Violência doméstica: caminho para o feminicídio.

Camila trilhou caminhos semelhantes aos de Bruna*, vítima de outro tipo de violência: a que parte de nós mesmos. “Primeiro, tentei parar de comer. Nem sempre conseguia e aí eu provocava vômitos, desesperada”, conta a advogada de 28 anos, que não quis se identificar – os familiares e amigos ainda não sabem sobre a anorexia e a bulimia que Bruna tem desde os 15 anos.

A insatisfação com o corpo começou no início da adolescência. “Foi quando descobri que era feia. Eu era gordinha, desengonçada, tinha aparelho. Minhas amigas eram desejadas, populares, e eu era piada”.

No caso de Bruna, estudar o feminismo ajudou a entender a insatisfação com o corpo, o primeiro passo para a cura. “Na nossa sociedade, o valor da mulher sempre foi muito ligado à aparência. Crescemos vendo filmes, propagandas, tudo com mulheres lindas. É difícil se amar plenamente quando o que a sociedade coloca como ‘padrão’ é inatingível”, lamenta.

Camila e Bruna atribuem ao feminismo uma melhora significativa em suas vidas e em suas relações. Ambas, hoje, defendem sua importância. E elas não estão sozinhas.

Sou porque somos

Historicamente, os homens ocupam um lugar privilegiado na sociedade. Eles estão em posições-chave no mercado de trabalho, no governo, até mesmo dentro das famílias. Com isso, eles obtiveram algumas “vantagens” ao longo do tempo, desde o poder de decisão em diversas áreas até a imposição de suas visões de mundo.
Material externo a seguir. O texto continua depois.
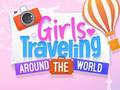 Spiel Girls Travelling Around the World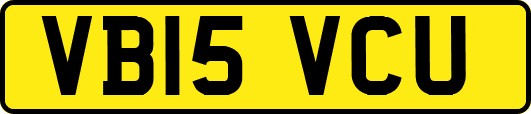 VB15VCU
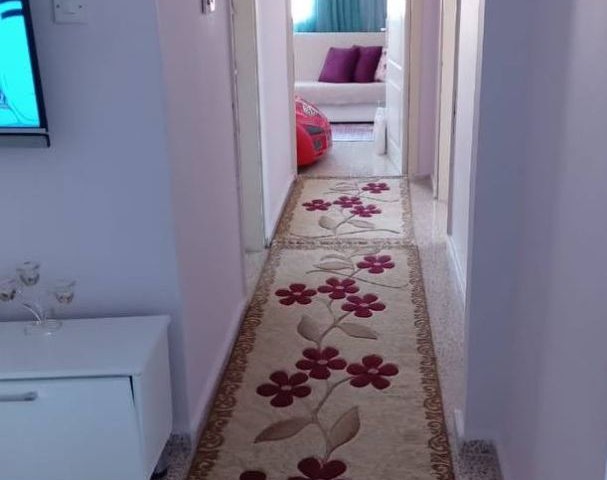 Flat To Rent in Lapta, Kyrenia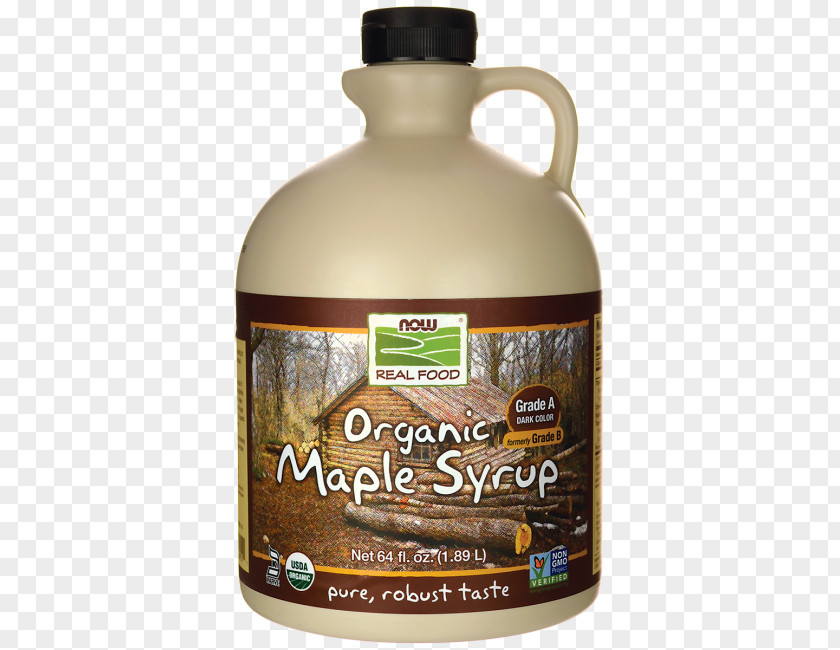 Maple Syrup Organic Food Belgian Waffle PNG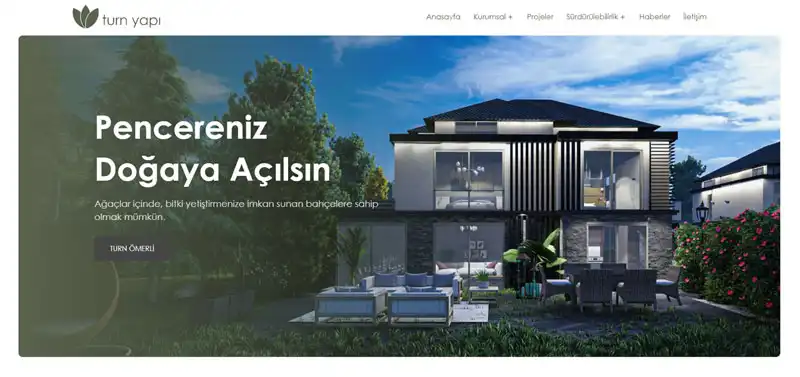 Yenilenen arayüzü ile yeni web sitemiz yayında!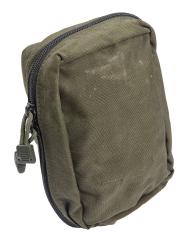 Blackhawk Medical Pouch, Green, Surplus, Used.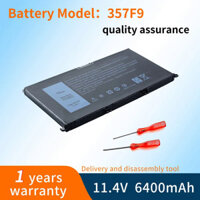 Pin BVBH 11.4V 74Wh MỚI 357F9 cho DELL Inspiron 15 Gaming 5576 5577 7566 7567 7000 7557 7559 P65F P57F P65F001 P57F0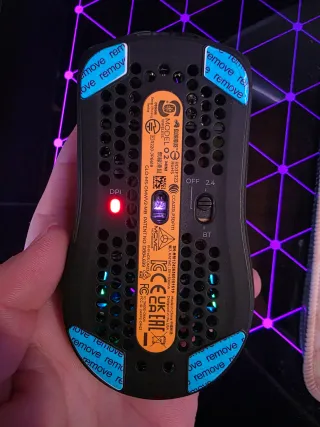 Glorious Model O 2 Mini Wireless Gaming Mouse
O feminismo surgiu como uma reação a essa configuração da sociedade, com o objetivo de diminuir o abismo entre os sexos. Entre os pontos defendidos estão o de que homens e mulheres devem ser respeitados, devem ter acesso às mesmas oportunidades e direitos equânimes.

Um movimento importante mas que, ao primeiro contato, pode assustar, segundo Amanda Oliveira de Morais, psicóloga e professora colaboradora na Universidade Estadual de Londrina (UEL).

“Quando a gente vai se dando conta de todos os abusos que a gente passa durante a vida, é um processo muito doloroso. É difícil de enfrentar porque é enfrentar a nossa própria construção de ser mulher”, explica.


Porém, de acordo com ela, o processo é compensador, a começar por seu poder de transformação social. “Como movimento social, [o feminismo] pode fortalecer vínculos entre mulheres, lutar pelos direitos formais e não formais das mulheres, fortalecer todas enquanto coletivo”, afirma Amanda, que também faz parte do grupo Marias & Amelias de Mulheres Analistas do Comportamento.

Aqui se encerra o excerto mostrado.